# Target design: understanding the useful level

## Useful feature in data

This project focuses on the `useful` metric present in the data. This metric, in the review dataframe is the number of times a YELP review was voted useful.

In [None]:
import pandas as pd
import matplotlib.pyplot as plt
import seaborn as sns
import numpy as np
from pathlib import Path

In [None]:
data_path = Path("/Users/alexandresepulvedadedietrich/Code/HelpfulLens/data")

df = pd.read_parquet(data_path / "cleaned" / "reviews_clean.parquet")

In [None]:
df_sample = df.sample(n=100000, random_state=42)
df_sample.head()

In [None]:
df_sample.hist(column="useful", log=True, bins=50, figsize=(8, 6))

In [None]:
df_sample['total_votes'] = df_sample['useful'] + df_sample['funny'] + df_sample['cool']

In [None]:
df_eda = df_sample.copy()[["business_id","user_id", "stars", "useful", "total_votes"]]
df_eda.astype({'business_id': 'category',
                'user_id': 'category',
                'stars': 'int8',
                'useful': 'int16',
                'total_votes': 'int16'})

df_eda = df_eda[df_eda["total_votes"] > 0].reset_index(drop=True)
df_eda.head()

In [None]:
corr_matrix = df_eda.corr(numeric_only=True)
plt.figure(figsize=(8, 6))
sns.heatmap(corr_matrix, annot=True, cmap='coolwarm', fmt=".2f")
plt.title("Correlation Matrix")
plt.show()

In [None]:
df_sample.columns

## Review-aware approach - bayesian smoothing

In [None]:
plt.scatter(df_sample['total_votes'], df_sample['useful'], alpha=0.5)
plt.xlabel('Total Votes')
plt.ylabel('Useful Votes')

To try to take into account the review popularity bias, let's assume (strong assumption) that a user either votes `useful`, `cool` or `funny`, and not more than one. 

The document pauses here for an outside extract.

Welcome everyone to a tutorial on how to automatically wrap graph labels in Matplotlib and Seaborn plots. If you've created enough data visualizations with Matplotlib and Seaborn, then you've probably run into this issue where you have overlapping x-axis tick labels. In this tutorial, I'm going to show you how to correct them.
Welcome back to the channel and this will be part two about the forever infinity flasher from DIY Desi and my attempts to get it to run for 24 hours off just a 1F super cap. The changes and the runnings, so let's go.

In that case, for a review $i$, let $u_i = \#\text{useful}_i$ and $v_i = \#\text{total votes}_i$ which acts as a proxy for the number of views.

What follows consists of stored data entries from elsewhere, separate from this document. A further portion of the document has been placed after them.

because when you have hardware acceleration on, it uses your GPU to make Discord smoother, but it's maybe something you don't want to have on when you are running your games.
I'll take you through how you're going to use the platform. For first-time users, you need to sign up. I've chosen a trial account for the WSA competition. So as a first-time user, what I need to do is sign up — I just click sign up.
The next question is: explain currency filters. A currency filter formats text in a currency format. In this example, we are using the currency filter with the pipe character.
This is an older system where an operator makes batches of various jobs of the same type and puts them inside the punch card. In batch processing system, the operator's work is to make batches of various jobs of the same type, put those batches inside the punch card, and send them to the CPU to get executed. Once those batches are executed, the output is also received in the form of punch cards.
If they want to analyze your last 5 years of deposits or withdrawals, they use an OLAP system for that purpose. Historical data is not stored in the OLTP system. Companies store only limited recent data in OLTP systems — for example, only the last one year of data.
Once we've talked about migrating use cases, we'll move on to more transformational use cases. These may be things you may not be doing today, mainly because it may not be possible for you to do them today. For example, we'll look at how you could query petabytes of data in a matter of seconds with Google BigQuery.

In that case, the probability $p_i$ that a review $i$ is useful yields that the number of useful votes is distributed under a binomial:

$$
u_i \mid v_i,p_i \sim \mathcal{B}(n = v_i, p = p_i)
$$

The objective becomes learning $p_i$.

A naive estimator could be:
$$\hat{p_i} = \frac{u_i}{v_i}$$

which works when the vote count is large, but this is rarely the case. To be more robust to smaller votes we use a bayesian smoothing:

$$\hat{p_i} = \frac{u_i + \alpha}{v_i + \alpha + \beta}, \quad \alpha, \beta > 0$$


In [None]:
alpha, beta = 1.0, 5.0

df_eda["useful_rate_smoothed"] = (
    (df_eda["useful"] + alpha) /
    (df_eda["total_votes"] + alpha + beta)
)

df_eda.head()

In [None]:
corr_matrix = df_eda.corr(numeric_only=True)
plt.figure(figsize=(8, 6))
sns.heatmap(corr_matrix, annot=True, cmap='coolwarm', fmt=".2f")
plt.title("Correlation Matrix")
plt.show()

In [None]:
df_eda.useful_rate_smoothed.median()

In [None]:
1/6